The Office for Budget Responsibility estimates that UK GDP is 1.5% lower in 2013 as a result of austerity. The cumulative loss of output from 2010 to 2013 is estimated somewhere between 5% and 6%. In money terms this means nearly £100 billion. Simon Wren-Lewis has calculated that per-household the cost of fiscal consolidation has been £3,500 (5). That is an utter failure.
But it gets worse. These figures understate the costs of austerity in several ways. Firstly they use a conservative multiplier (6). Furthermore they neglect the disproportionate impact of the cuts. As the government spends more money on the poorest in society, cuts have hit lowest income households hardest. The rich, who lost virtually nothing due to the cuts, further benefited from the cut in the top rate of income tax. The figures also do not include the additional, prolonged, damage caused by austerity. These may include the greater inequality already mentioned, long term unemployment and the damage to health. (7)
It should also be noted that this is 6% lost compared to a government that had done nothing to fiscal policy. Instead of damaging the economy the government could and should have had a positive effect.

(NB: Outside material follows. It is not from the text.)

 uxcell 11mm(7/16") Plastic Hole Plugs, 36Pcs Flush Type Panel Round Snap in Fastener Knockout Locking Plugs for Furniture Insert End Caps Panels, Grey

Of course, now we do appear to be on course for a lasting recovery. Yet although this is obviously good news, the government should not be getting credit. The recession began over 5 years ago. Since then we have had five flat years. The economy was always going to recover at some point, no one disputed that. The argument for stimulus was that the recovery would have been far faster and stronger. The economy is still smaller than before the crash. (8) More than half a decade of growth has been lost. In terms of output, Britain is doing worse than during the Great Depression:
Furthermore, as we are so far below capacity, we should expect rapid growth. The economy is way below trend output. In the long run the economy should return towards its trend level of output. Thus we should be experiencing high levels of growth. Arguably, given how depressed GDP is, 0.8% quarterly growth is actually pretty disappointing. In the words of Alan Taylor “in a bad current state the economy is more likely to grow faster than trend going forward.” (9)
This government should not be taking credit for“saving” the economy. They should be hanging their heads in shame for taking fiscal policy back into the pre-Keynesian era. This is not just numbers. This is unnecessary human suffering. Of course some will argue it was necessary given the deficit and national debt, but that case has been rebuked numerous times. (10) Deficits should go up in a downturn, as the state safety net becomes required. The public debt, as a percentage of GDP, is not at a historically high level. (11) Others might feel that with recovery seemingly taking off, the debate on austerity is irrelevant. But we must learn from the government’s failure. It has made the same mistakes that were made in the 1930s. They must not be made again.
(4) For example http://www.bbc.co.uk/news/business-24018349
(5) http://mainlymacro.blogspot.co.uk/2013/10/why-i-am-obsessed-by-austerity.html I strongly recommend that anyone who wants to know more about the points raised in this post to read some of what Wren Lewis has written on his blog, mainly macro.
(6) Used to measure the proportionate effect of government spending on output. For example, a multiplier of 1.5 means for every £1 the government spends, GDP increases by £1.50.
(7) David Stuckler and Sanjay Basu have written a very interesting book, The Body Economic: Why Austerity Kills, which explores the correlation between austerity and declining health. Although the impact in the UK is undoubtedly less severe than in Greece, where Malaria and HIV have made comebacks, some effect is likely.